**What is required:**
Output the data below only from the line containing "Foto: Coco kan" up to and including the line containing "Pleated barrel fit jeans", exact and with the pictures left out.

**Record set:**
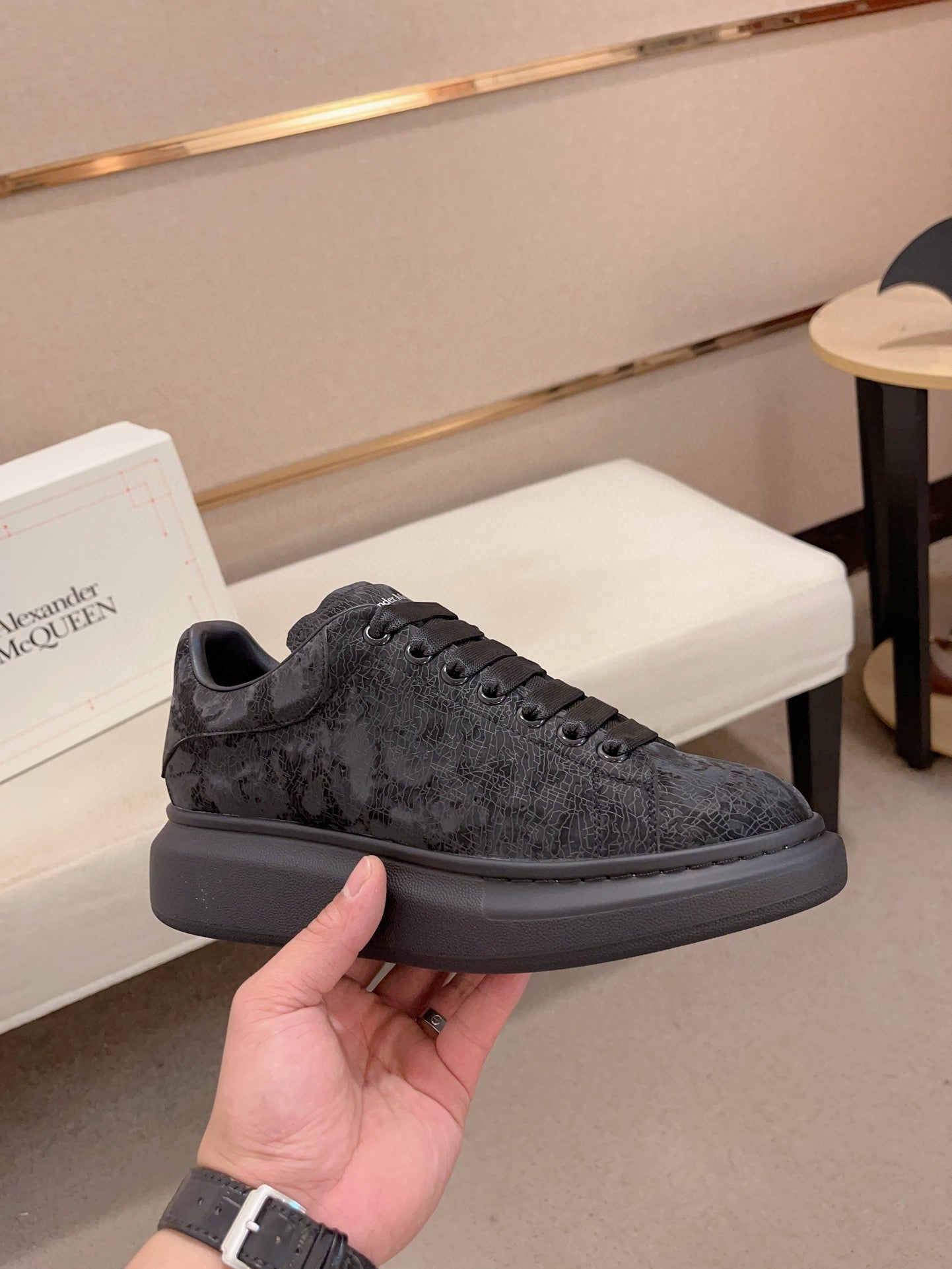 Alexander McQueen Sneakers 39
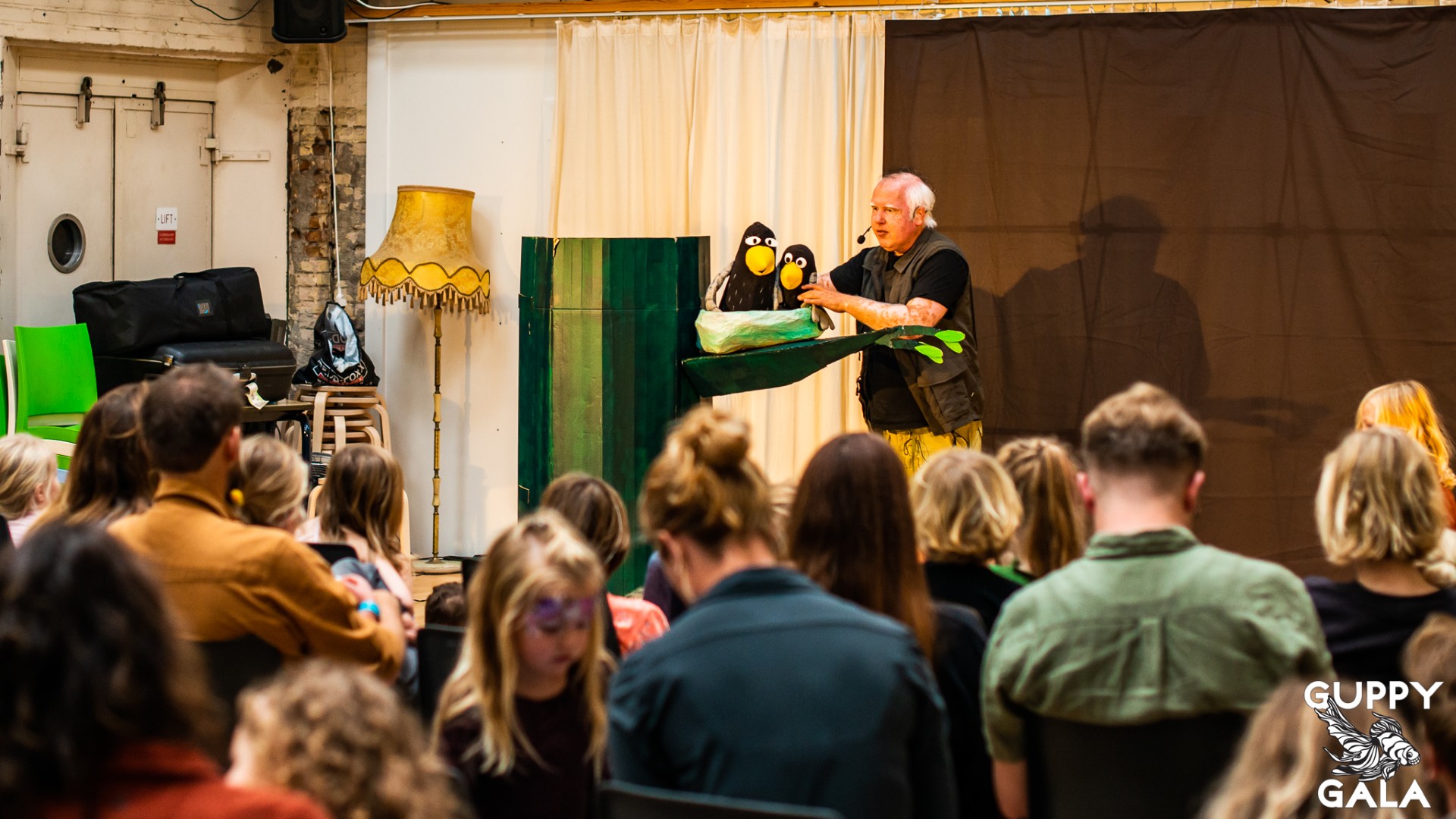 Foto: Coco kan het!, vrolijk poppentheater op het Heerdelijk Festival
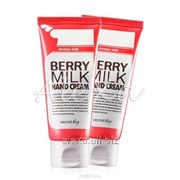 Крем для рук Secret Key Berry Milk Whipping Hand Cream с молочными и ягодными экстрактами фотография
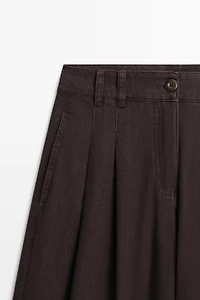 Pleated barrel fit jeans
--
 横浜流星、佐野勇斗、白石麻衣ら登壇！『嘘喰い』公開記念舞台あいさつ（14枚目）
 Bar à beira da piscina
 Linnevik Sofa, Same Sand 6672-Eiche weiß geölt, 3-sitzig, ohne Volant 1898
* * *
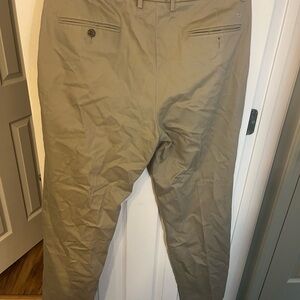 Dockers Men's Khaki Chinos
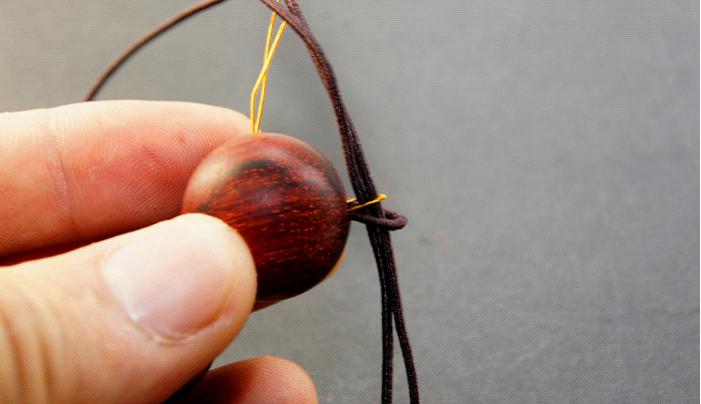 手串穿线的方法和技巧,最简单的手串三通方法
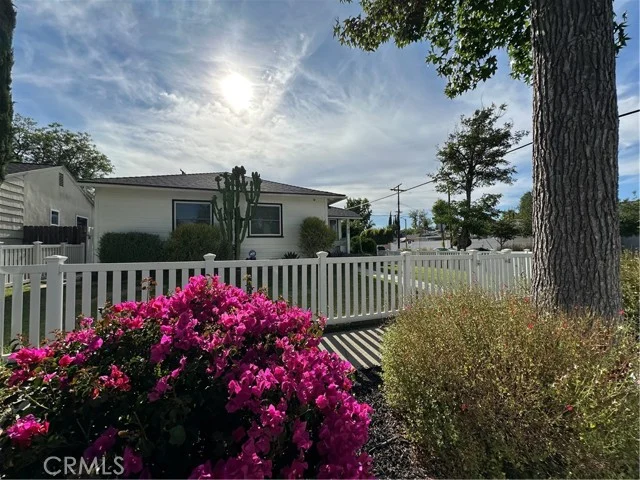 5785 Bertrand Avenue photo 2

**Task response:**
 Foto: Coco kan het!, vrolijk poppentheater op het Heerdelijk Festival
 Крем для рук Secret Key Berry Milk Whipping Hand Cream с молочными и ягодными экстрактами фотография
 Pleated barrel fit jeans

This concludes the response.